-- What you should do --
In the copy, keep every record exact and leave out all images.

BEGIN Records shown

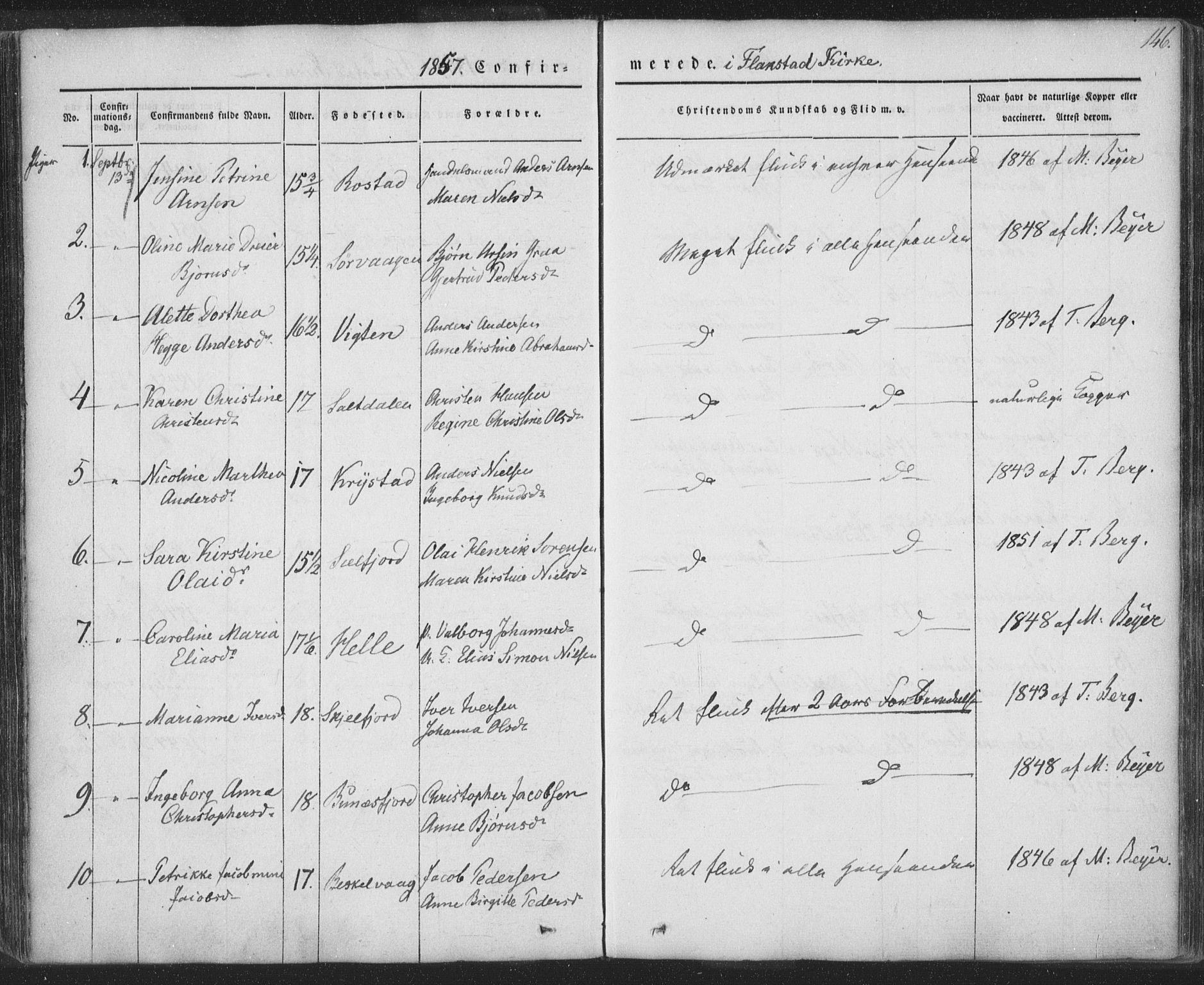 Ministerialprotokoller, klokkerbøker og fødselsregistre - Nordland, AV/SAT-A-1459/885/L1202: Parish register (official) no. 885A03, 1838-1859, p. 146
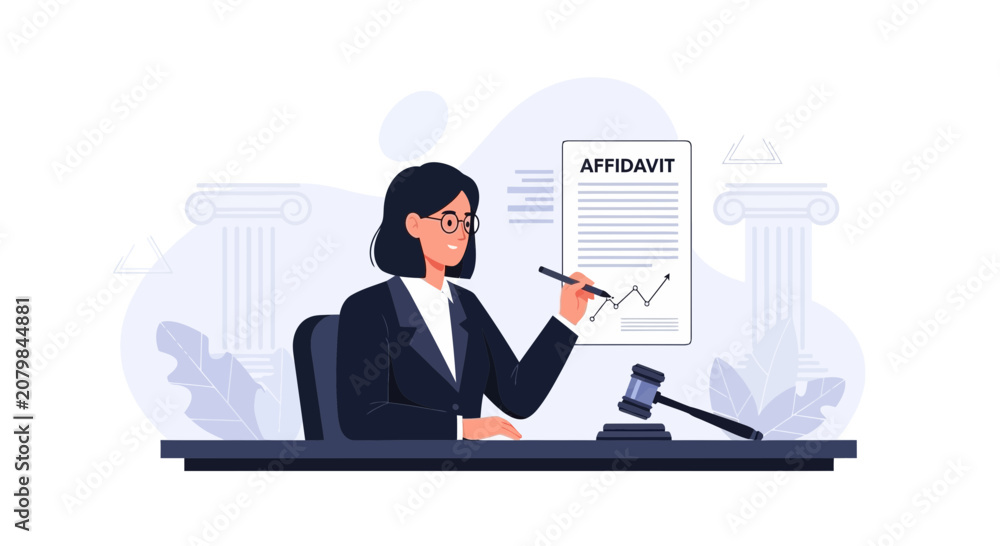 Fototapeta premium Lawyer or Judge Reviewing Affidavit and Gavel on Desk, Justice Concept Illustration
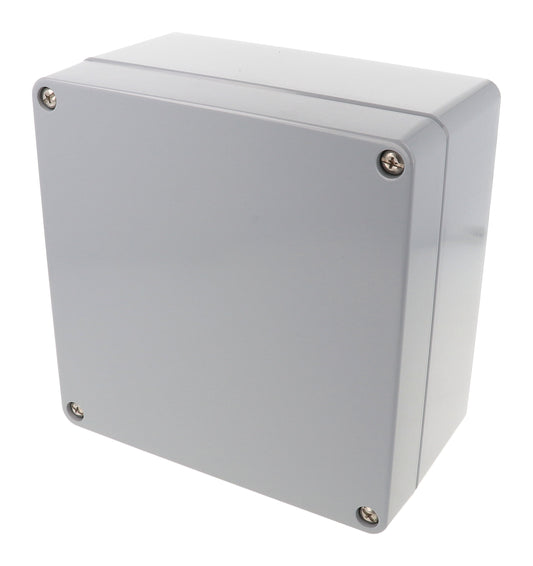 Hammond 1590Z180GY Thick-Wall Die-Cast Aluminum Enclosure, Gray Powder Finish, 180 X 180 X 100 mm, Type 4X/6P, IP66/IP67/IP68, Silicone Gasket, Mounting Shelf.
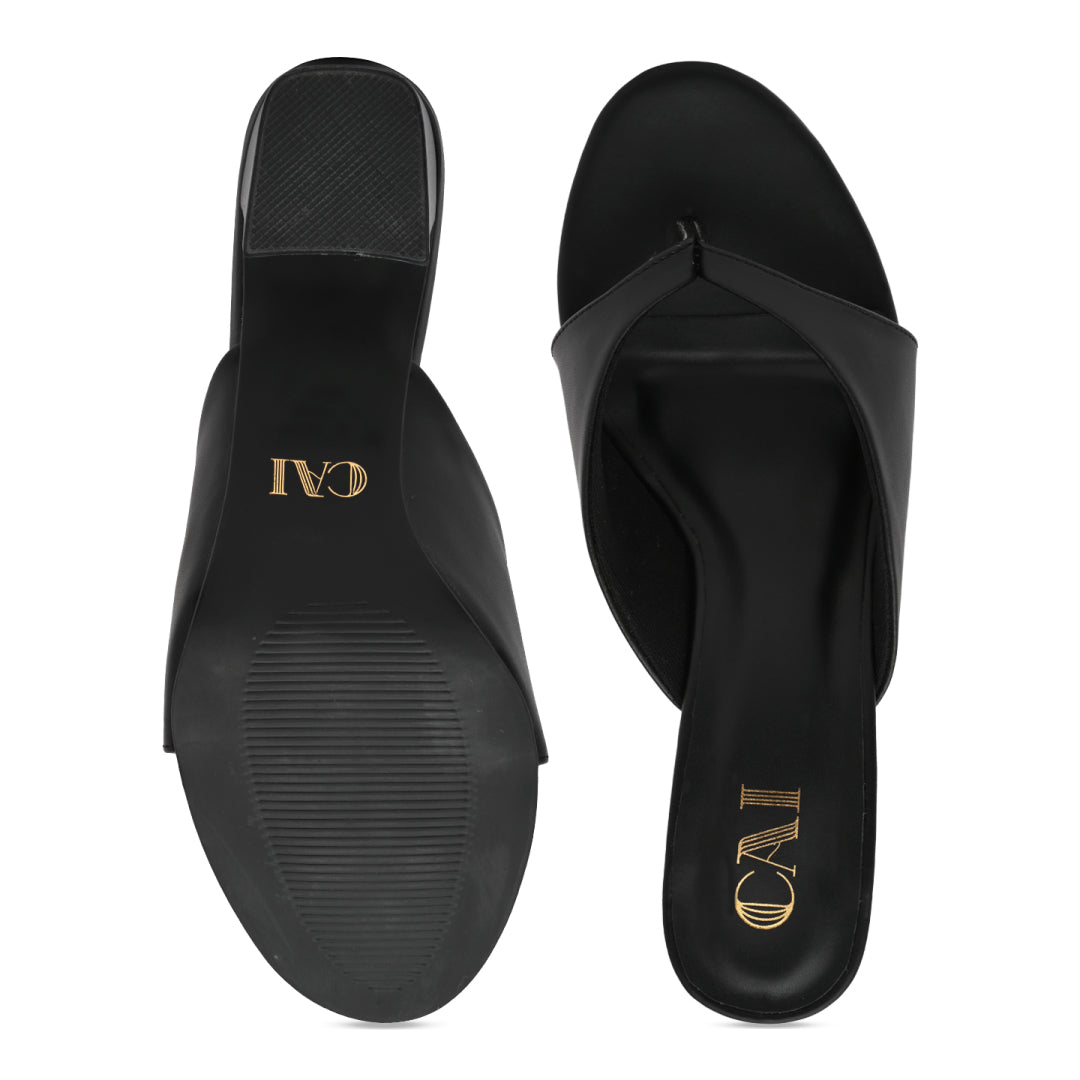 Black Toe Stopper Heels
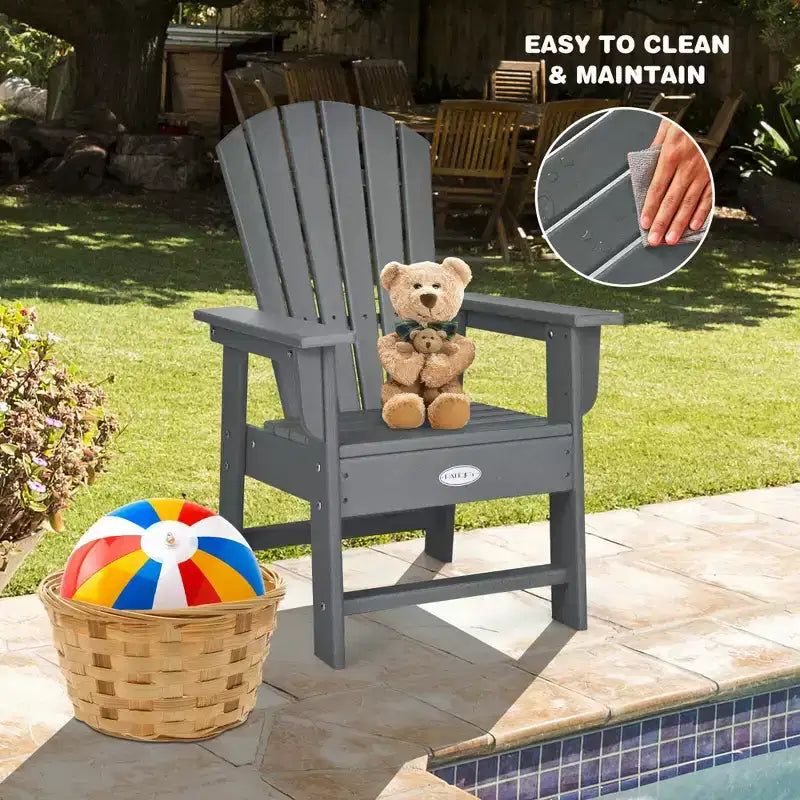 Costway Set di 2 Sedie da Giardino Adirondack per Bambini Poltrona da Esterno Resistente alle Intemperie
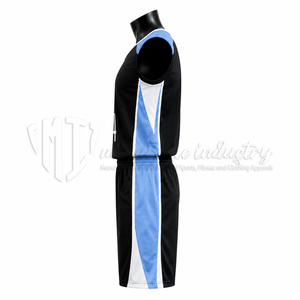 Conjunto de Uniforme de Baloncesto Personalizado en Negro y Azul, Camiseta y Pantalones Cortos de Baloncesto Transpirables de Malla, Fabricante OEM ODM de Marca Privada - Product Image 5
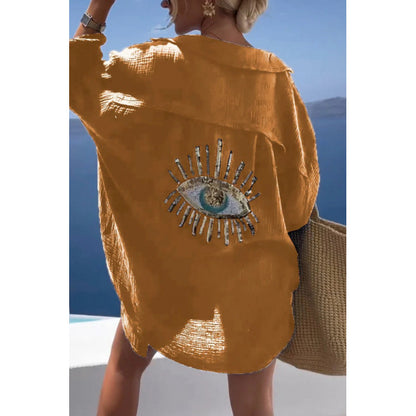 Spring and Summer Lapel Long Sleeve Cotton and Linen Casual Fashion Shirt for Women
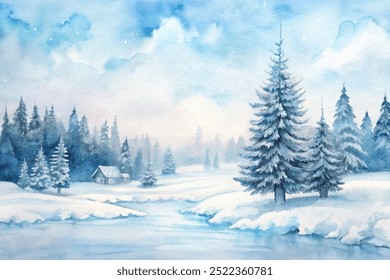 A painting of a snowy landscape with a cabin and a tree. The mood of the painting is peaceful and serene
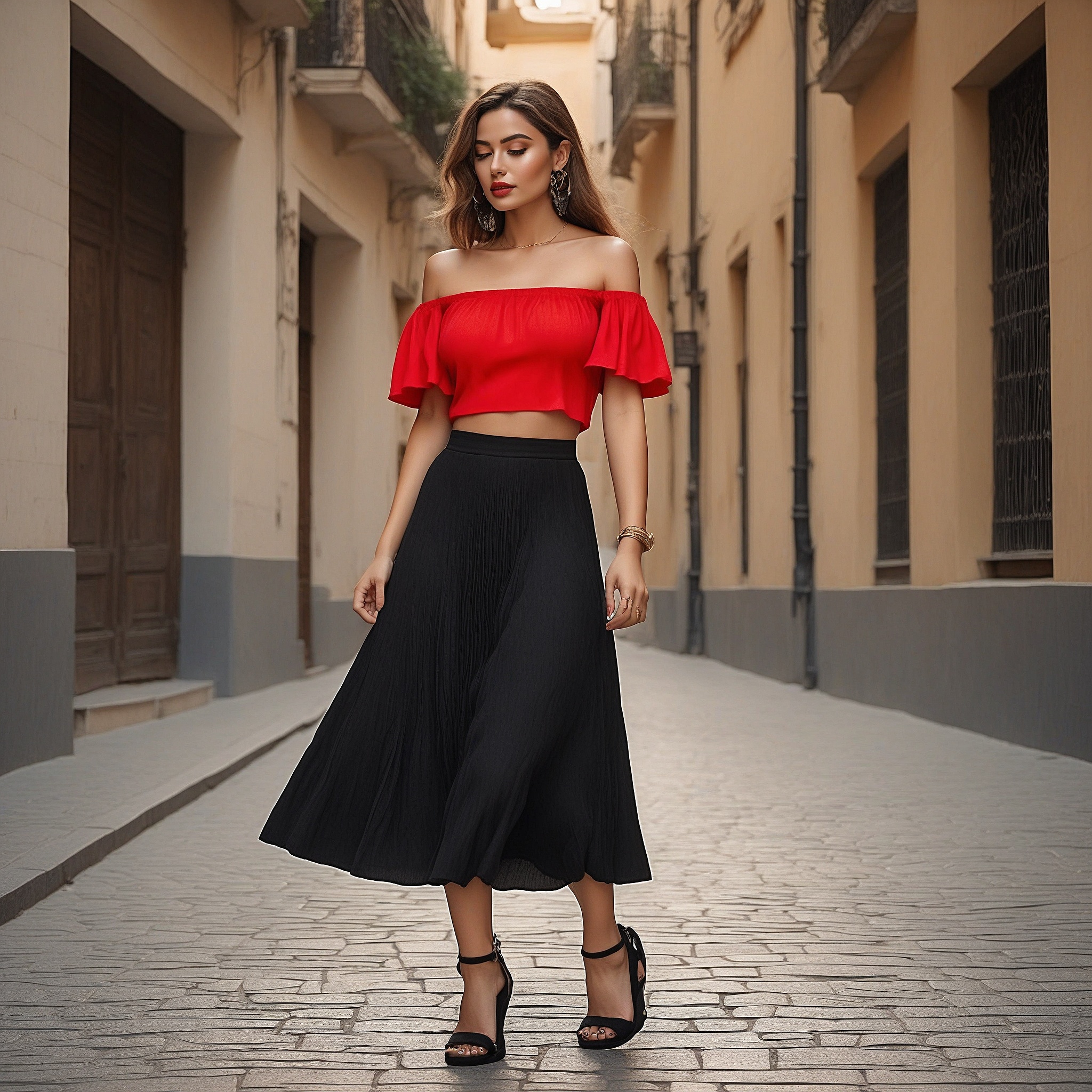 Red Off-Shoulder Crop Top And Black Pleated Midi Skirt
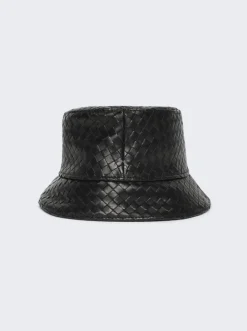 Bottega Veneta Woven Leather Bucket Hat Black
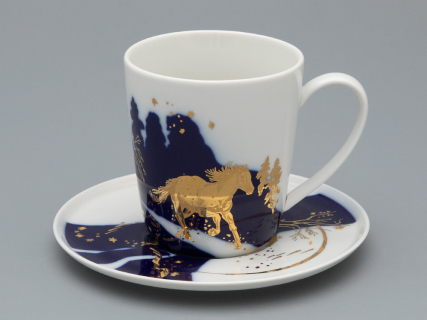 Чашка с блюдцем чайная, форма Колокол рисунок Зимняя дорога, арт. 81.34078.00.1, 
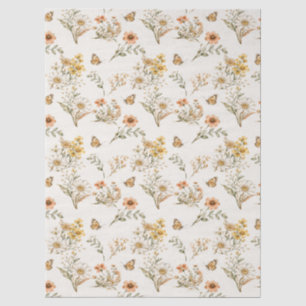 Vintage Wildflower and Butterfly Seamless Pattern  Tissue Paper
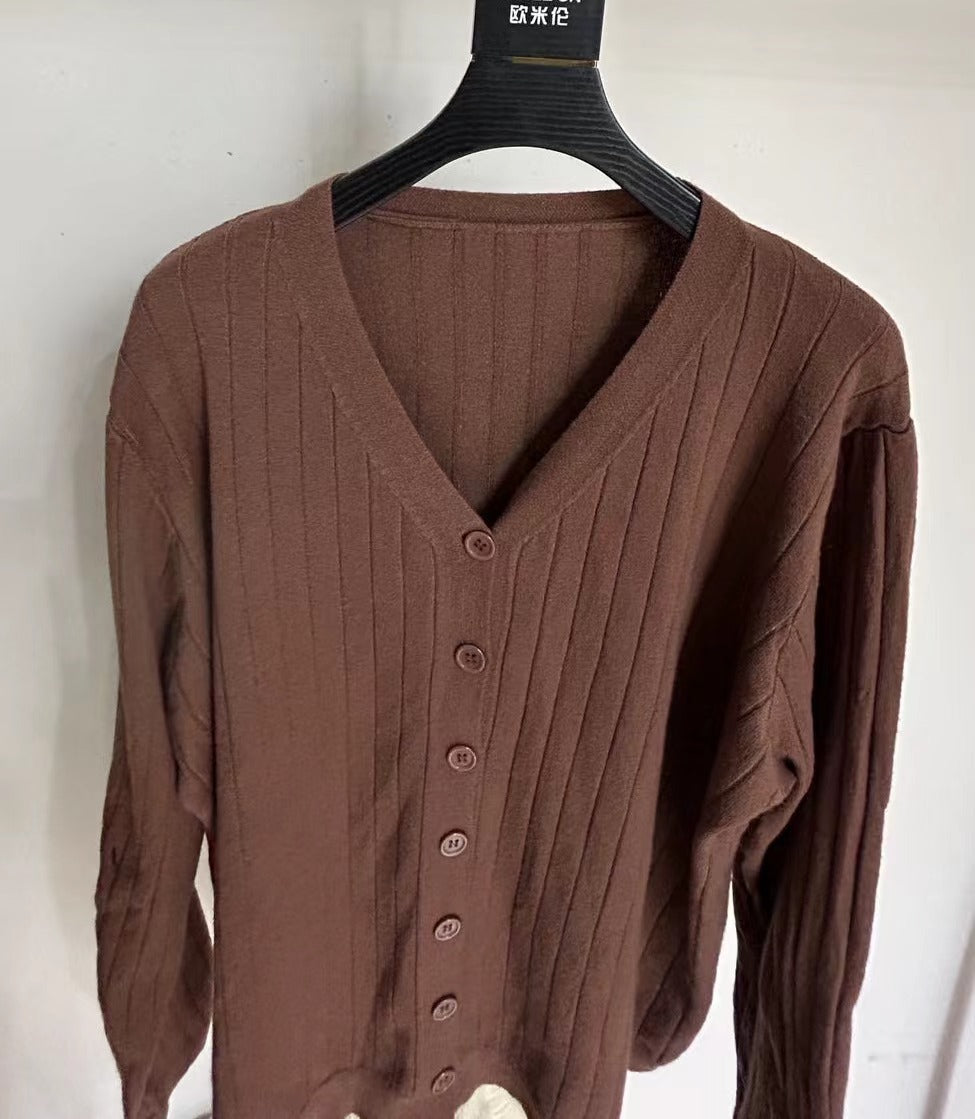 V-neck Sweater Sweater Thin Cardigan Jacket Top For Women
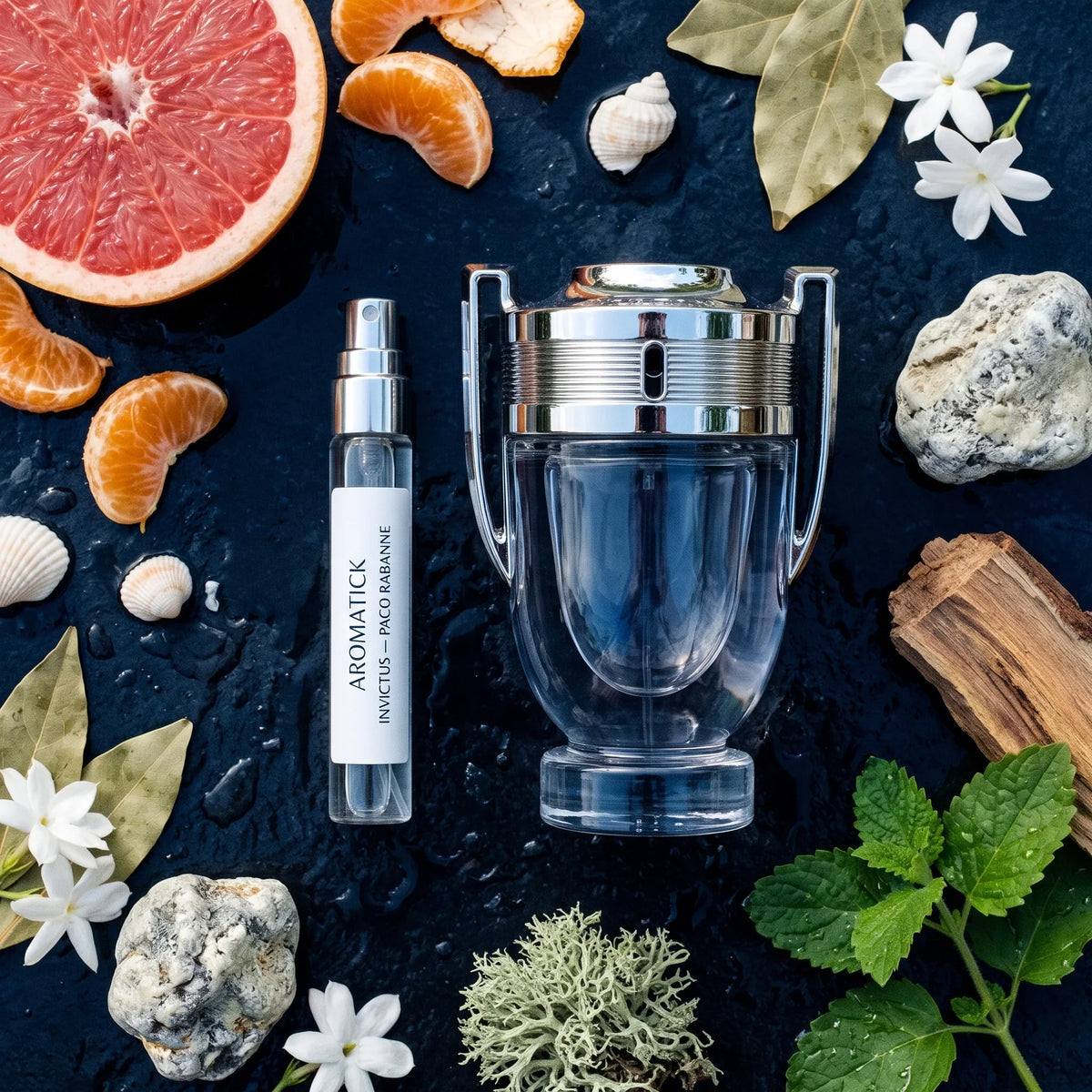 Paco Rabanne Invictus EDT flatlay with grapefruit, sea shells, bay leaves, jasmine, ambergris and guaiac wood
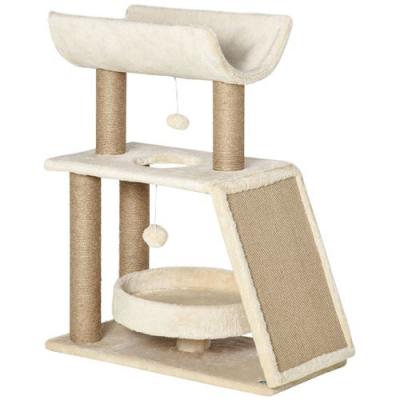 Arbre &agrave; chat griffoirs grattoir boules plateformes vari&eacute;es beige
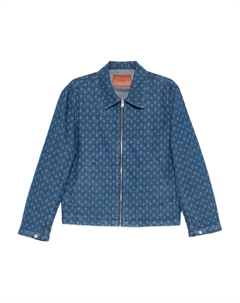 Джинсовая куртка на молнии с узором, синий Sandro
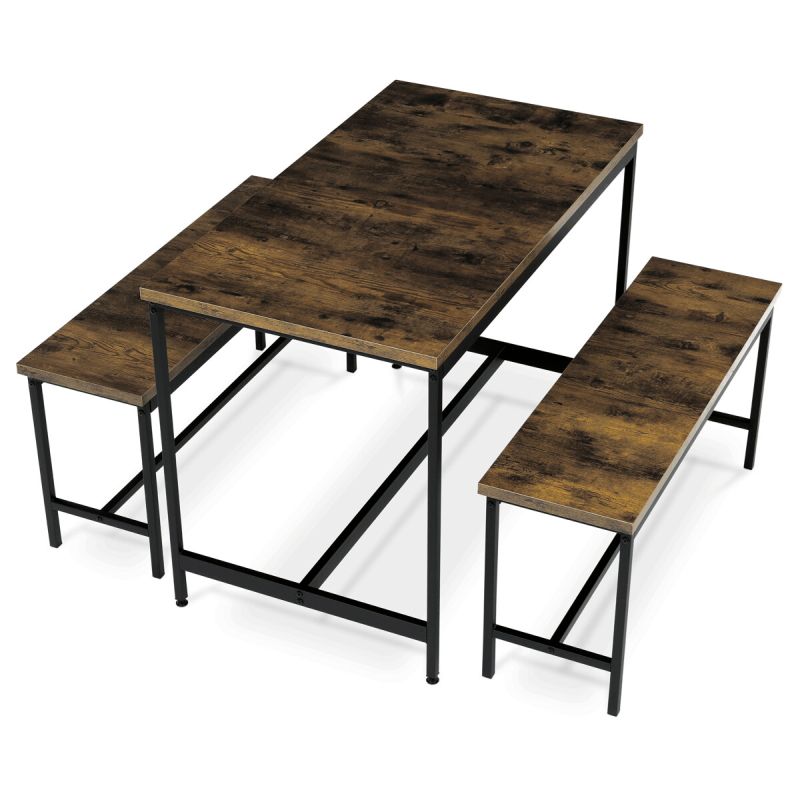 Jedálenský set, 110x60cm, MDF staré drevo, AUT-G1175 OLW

END Records shown

-- Output of the task --
 Ministerialprotokoller, klokkerbøker og fødselsregistre - Nordland, AV/SAT-A-1459/885/L1202: Parish register (official) no. 885A03, 1838-1859, p. 146
 Fototapeta premium Lawyer or Judge Reviewing Affidavit and Gavel on Desk, Justice Concept Illustration
 Hammond 1590Z180GY Thick-Wall Die-Cast Aluminum Enclosure, Gray Powder Finish, 180 X 180 X 100 mm, Type 4X/6P, IP66/IP67/IP68, Silicone Gasket, Mounting Shelf.
 Black Toe Stopper Heels
 Costway Set di 2 Sedie da Giardino Adirondack per Bambini Poltrona da Esterno Resistente alle Intemperie
 Conjunto de Uniforme de Baloncesto Personalizado en Negro y Azul, Camiseta y Pantalones Cortos de Baloncesto Transpirables de Malla, Fabricante OEM ODM de Marca Privada - Product Image 5
 Spring and Summer Lapel Long Sleeve Cotton and Linen Casual Fashion Shirt for Women
 A painting of a snowy landscape with a cabin and a tree. The mood of the painting is peaceful and serene
 Red Off-Shoulder Crop Top And Black Pleated Midi Skirt
 Bottega Veneta Woven Leather Bucket Hat Black
 Чашка с блюдцем чайная, форма Колокол рисунок Зимняя дорога, арт. 81.34078.00.1, 
 Vintage Wildflower and Butterfly Seamless Pattern  Tissue Paper
 V-neck Sweater Sweater Thin Cardigan Jacket Top For Women
 Paco Rabanne Invictus EDT flatlay with grapefruit, sea shells, bay leaves, jasmine, ambergris and guaiac wood
 Arbre &agrave; chat griffoirs grattoir boules plateformes vari&eacute;es beige
 Джинсовая куртка на молнии с узором, синий Sandro
 Jedálenský set, 110x60cm, MDF staré drevo, AUT-G1175 OLW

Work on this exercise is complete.